Bound on Type 1 Mistakes For Type 1 mistakes, we increase the weights of attributes present in current example. None of the relevant attributes (attributes present in the disjunction) gets its weight reduced. Because we reduce the weight of an attribute only when an example having it makes type 2 mistake and any instance having a relevant attribute can cause type 2 error as it will always be a (+) example. The upper bound on weight of any relevant attribute is n. Once the weight of a relevant attribute reaches n, no instance having that attribute will be declared (-) as ∑wi xi >= n will be satisfied always (considering that weights are always positive).

Bound on Type 1 Mistakes So, for any given relevant attribute, the weight will not be doubled more than log2n times. And there are r such attributes. So, we cant make more than r* log2n mistakes of type 1.

Bound on Type 2 Mistakes Let the no. of type 2 mistakes be C. Lets do amortized analysis for function W = ∑wi. Its initial value = n. At case 1 mistake, W is increased by at most n.( ∑wixi was less then n before that instance, so on doubling weights of attributes present in current instance, we increase W by at most n.) At case 2 mistake, W is decreased by at least n/2.(∑wixi >=n for that instance => On halving weights of attributes present, we decrease W by at least n/2)
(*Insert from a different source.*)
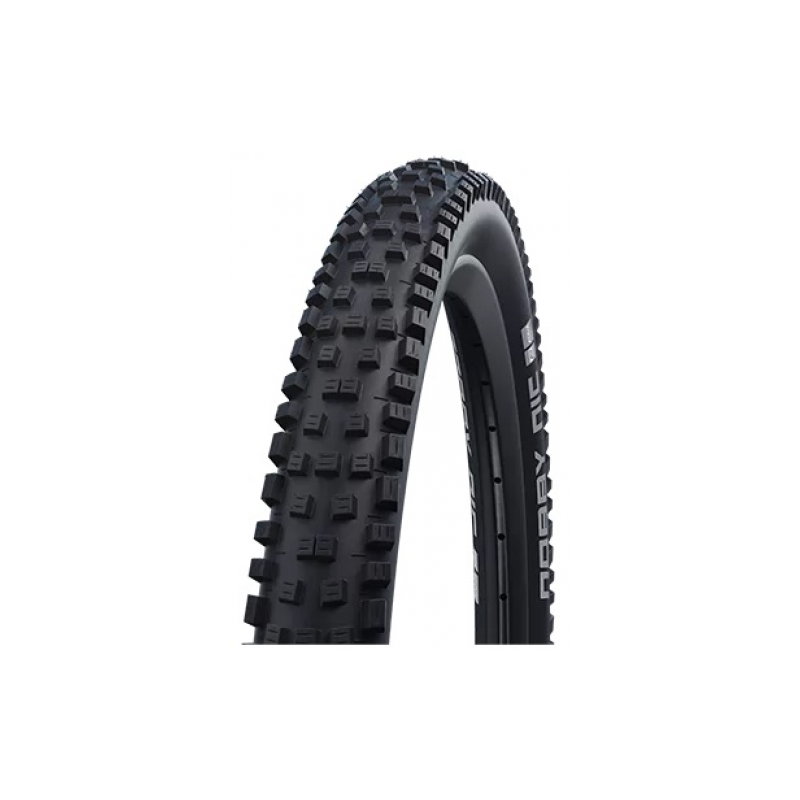 Schwalbe Nobby Nic 27,5x2,25 Addix Performance (Συρμάτινα)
Bound on Type 2 Mistakes At any point of time, W is positive. So value subtracted from W should be less than Initial value + value added to W. Initial value = n. Value added to W <= n * no. of type 1 mistakes <= n * r * log2n Value subtracted from W >= (n/2) * no. of type 2 mistakes =C*n/2 C*n/2 <= n*r*log2 n + n C <= 2*r*log2 n + 2 So, the upper bound on type 2 mistakes = 2*r*log2 n + 2

Upper bound on # of mistakes Total no. of mistakes = No. of Type 1 mistakes + No. of Type 2 mistakes <= r*log2 n + 2*r*log2 n + 2 = 3*r*log2 n + 2 So total no. of mistakes made by winnowing algorithm is O(rlog n).